People in Metro Manila – the national capital region – and four neighboring provinces will have to stay home for another week unless they are essential workers, presidential spokesman Harry Roque said.
The announcement came as the number of new infections for a single day hit a record high of 12,576, taking the country’s caseload to more than 784,000, including over 13,400 deaths.
More contagious variants of the virus and poor compliance with health protocols have been blamed for the surge in recent weeks.
“We call on local governments to tighten enforcement of our quarantine measures and confront people who fail to follow minimum health standards,” Roque said.
Independent research group OCTA said the week-long enhanced community quarantine imposed on March 29 was showing signs of slowing the spread of the virus, “but we’re not there yet.”
The spike has swamped many hospitals, with reports of people driving for hours around the sprawling capital looking for a facility that can treat their sick loved ones.
To boost capacity, the health department said modular tents were being delivered to hospitals across Metro Manila with the help of the World Health Organization and the UN children fund UNICEF.

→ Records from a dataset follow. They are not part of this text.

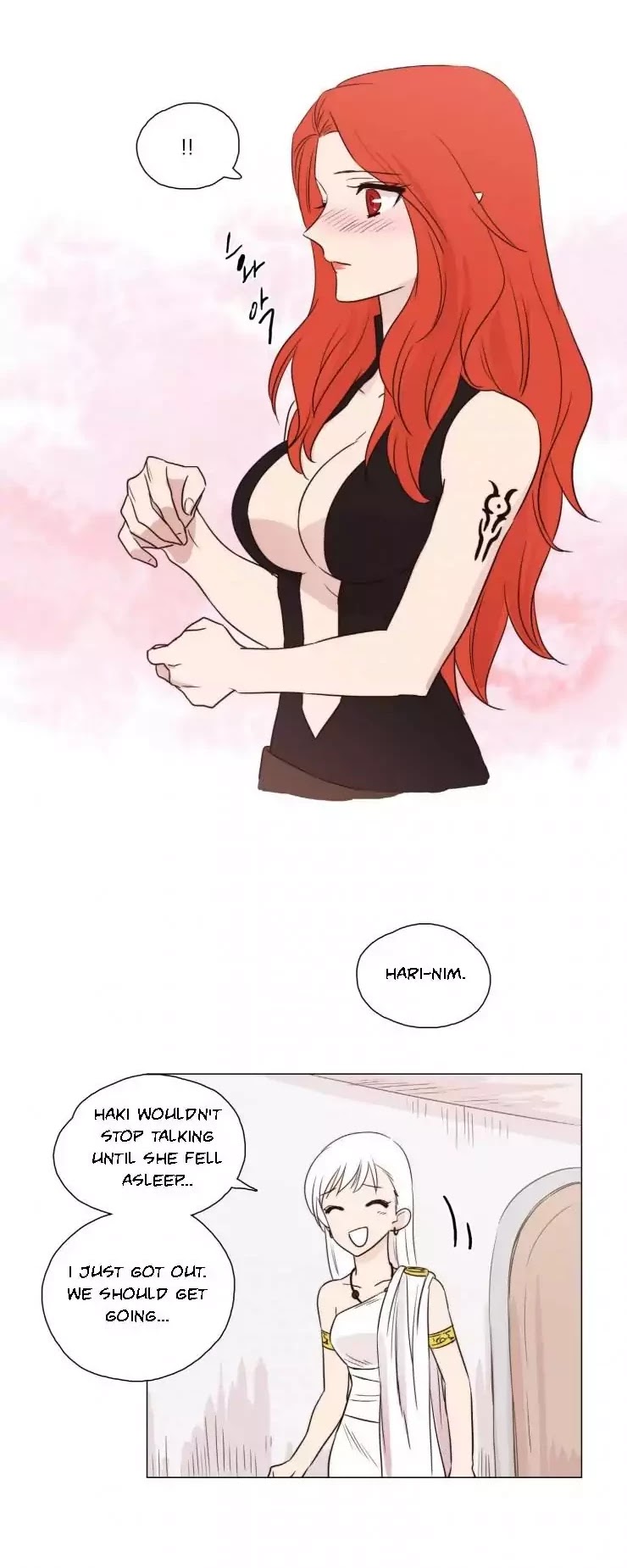 Miss Angel and Miss Devil Chapter 47 page 17 - Chapter 47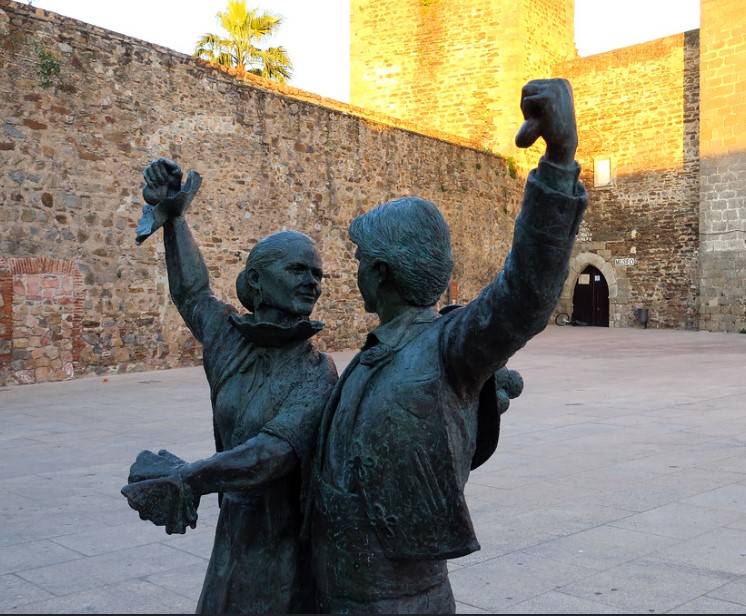 Monumentos Olivenza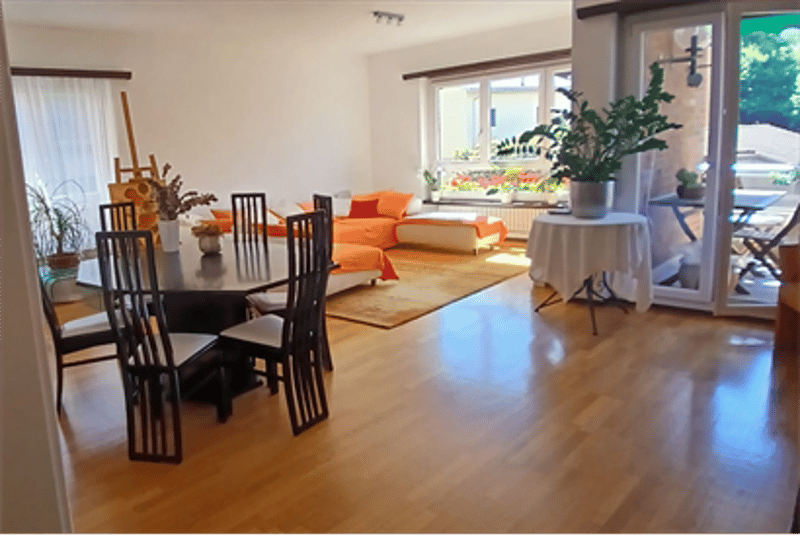 Incantevole appartamento 3.5 locali a Massagno (4)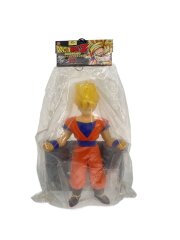 ドラゴンボールZ ビッグサイズソフビフィギュア 超サイヤ人 孫悟空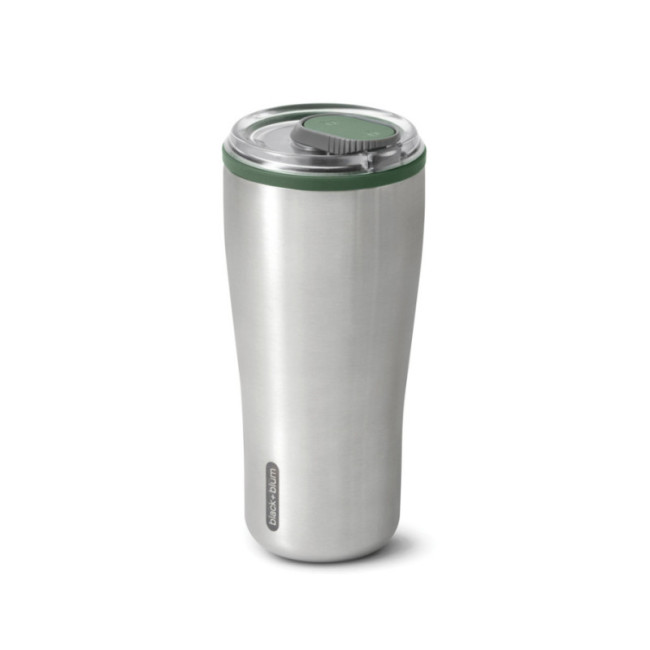 Mug de voyage isotherme personnalisé Black+Blum 600ml 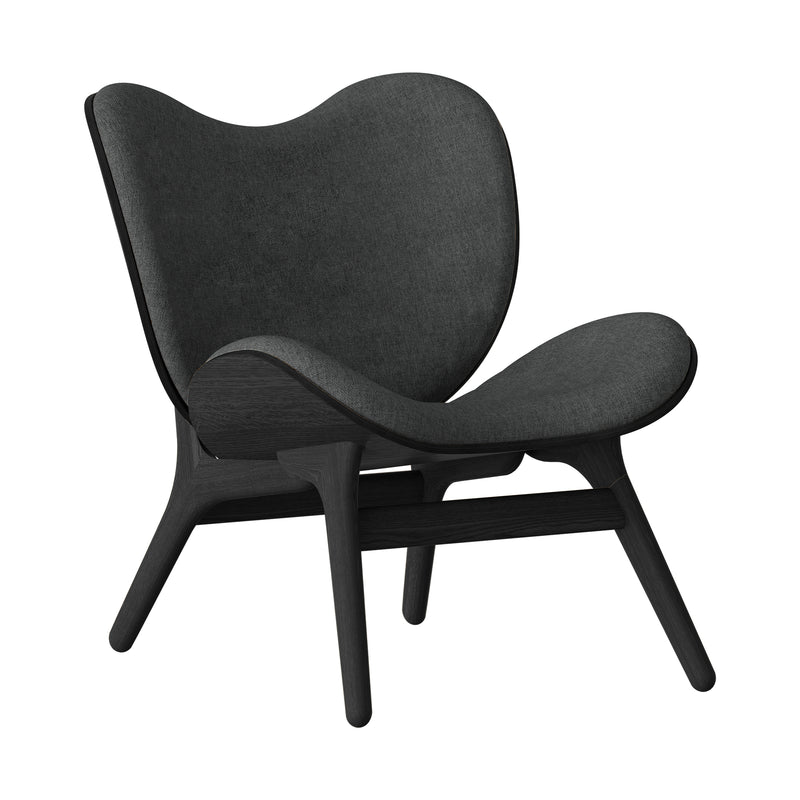 Umage - A Conversation Piece Sessel | Eiche schwarz / shadow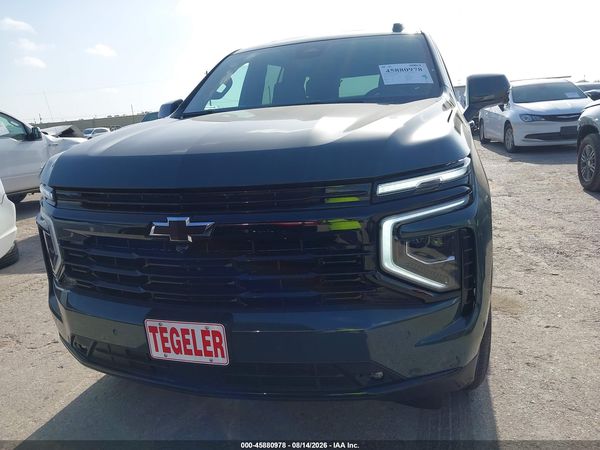 2026 CHEVROLET TAHOE 2WD RST — I115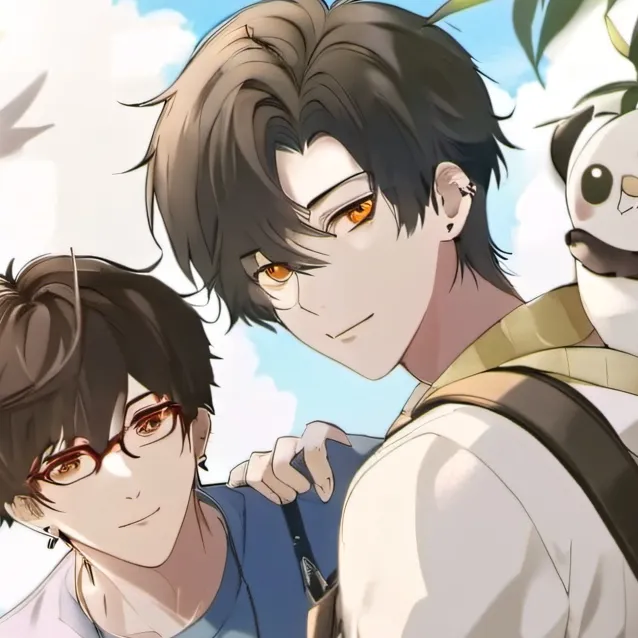 chat with ai character: leo~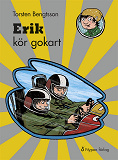 Omslagsbild för Erik kör gokart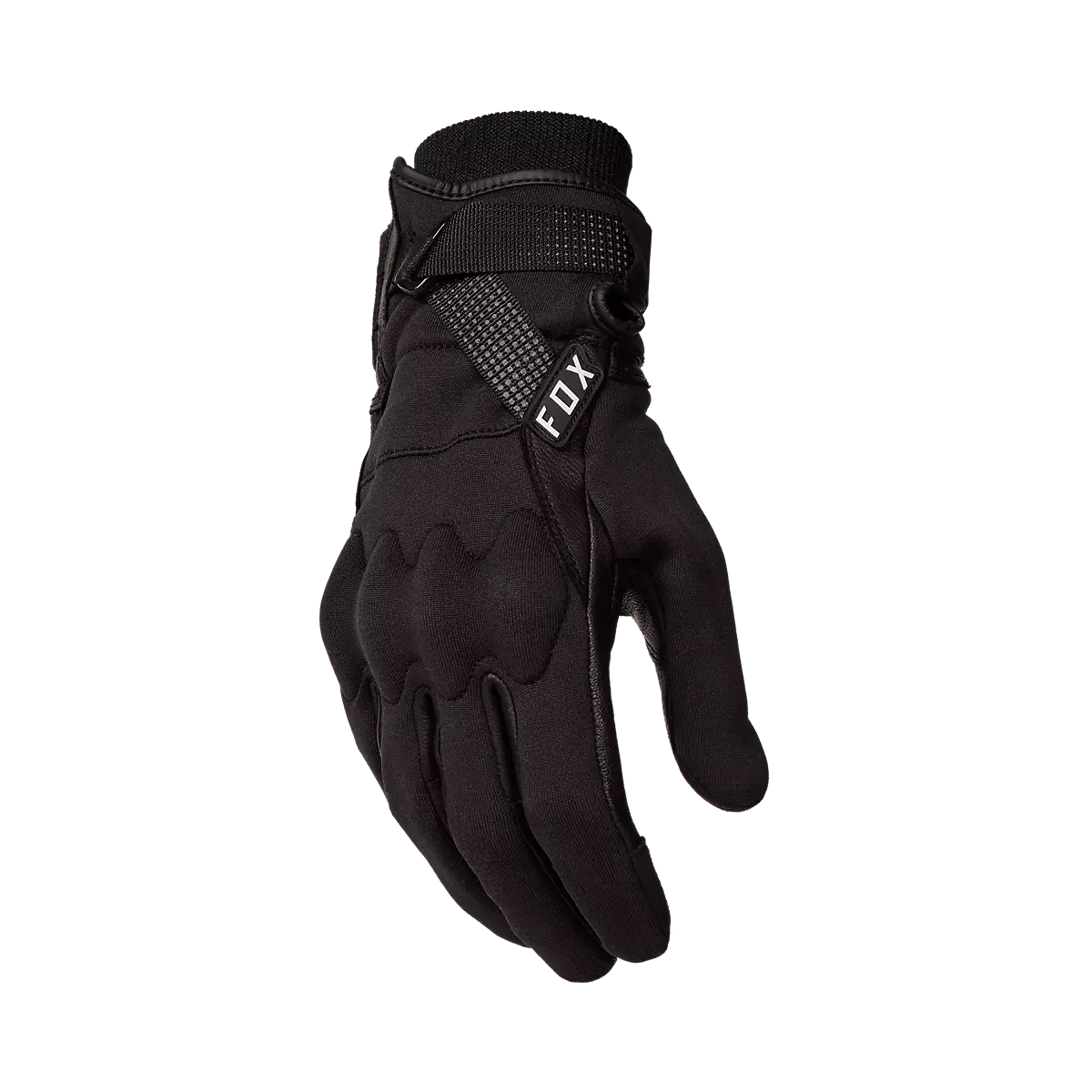 Fox Racing - Stealth Bomber Pro Gloves-Black (28377-001)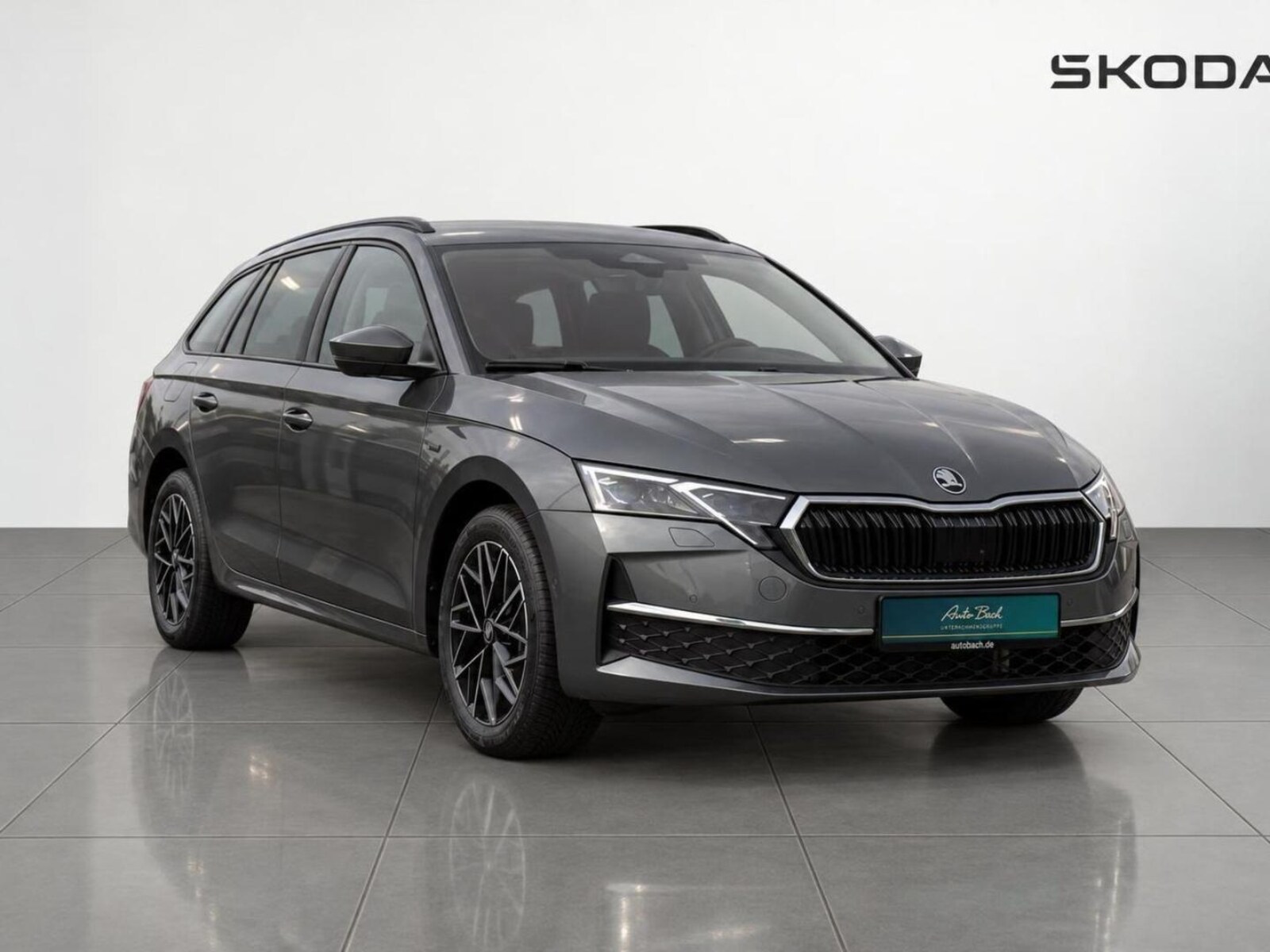 Škoda Octavia Combi – Bild 3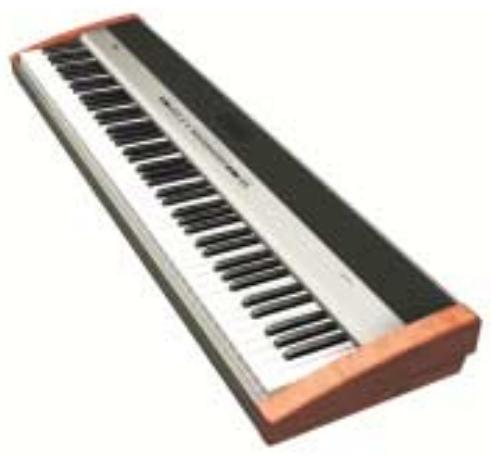 KORG SP300 - Pianoforte Digitale - 1
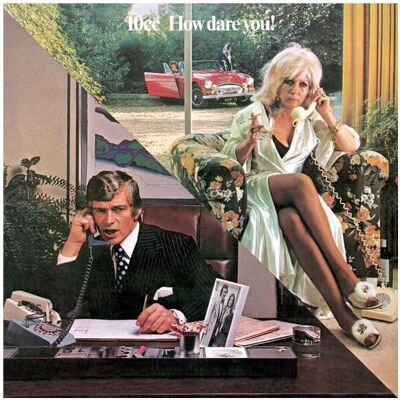Proper HOW DARE YOU (OGV) (UK), Schallplatten Proper HOW DARE YOU (OGV) (UK), Schallplatten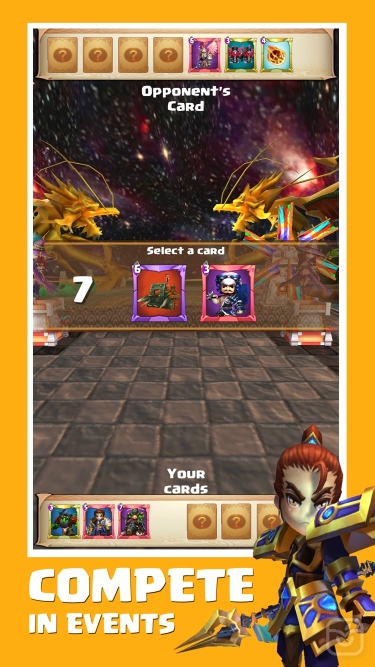 تصاویر Phun Royale - MOBA Card Game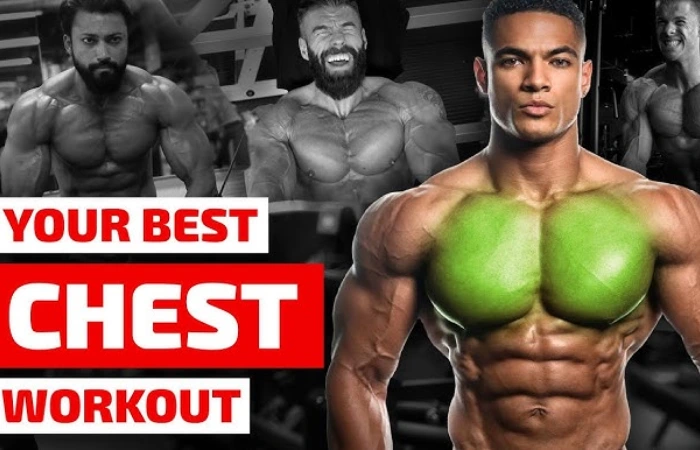 Chest Workout Workflow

“Volunteer” health workers from other regions where virus transmission rates were low would be deployed to hospitals in the capital in the coming weeks, it added.
Under the restrictions affecting a fifth of the country’s population, church services and other mass gatherings are banned and a 6:00 pm to 5:00 am curfew is in force.
Supermarkets, pharmacies and other essential businesses are allowed to operate, and outdoor exercise is permitted.
A previous months-long lockdown crippled the Philippine economy, cost millions of jobs and left many households hungry.
The sluggish rollout of vaccines and poor contact tracing have fueled criticism of President Rodrigo Duterte’s government, which has been accused of bungling its response to the pandemic.
As of Thursday, 760,938 health workers had received their first dose, the health department said.
The government said previously it aims to finish inoculating 1.7 million health workers by mid-April.
“Those who can take the vaccine must have themselves vaccinated now,” Roque said.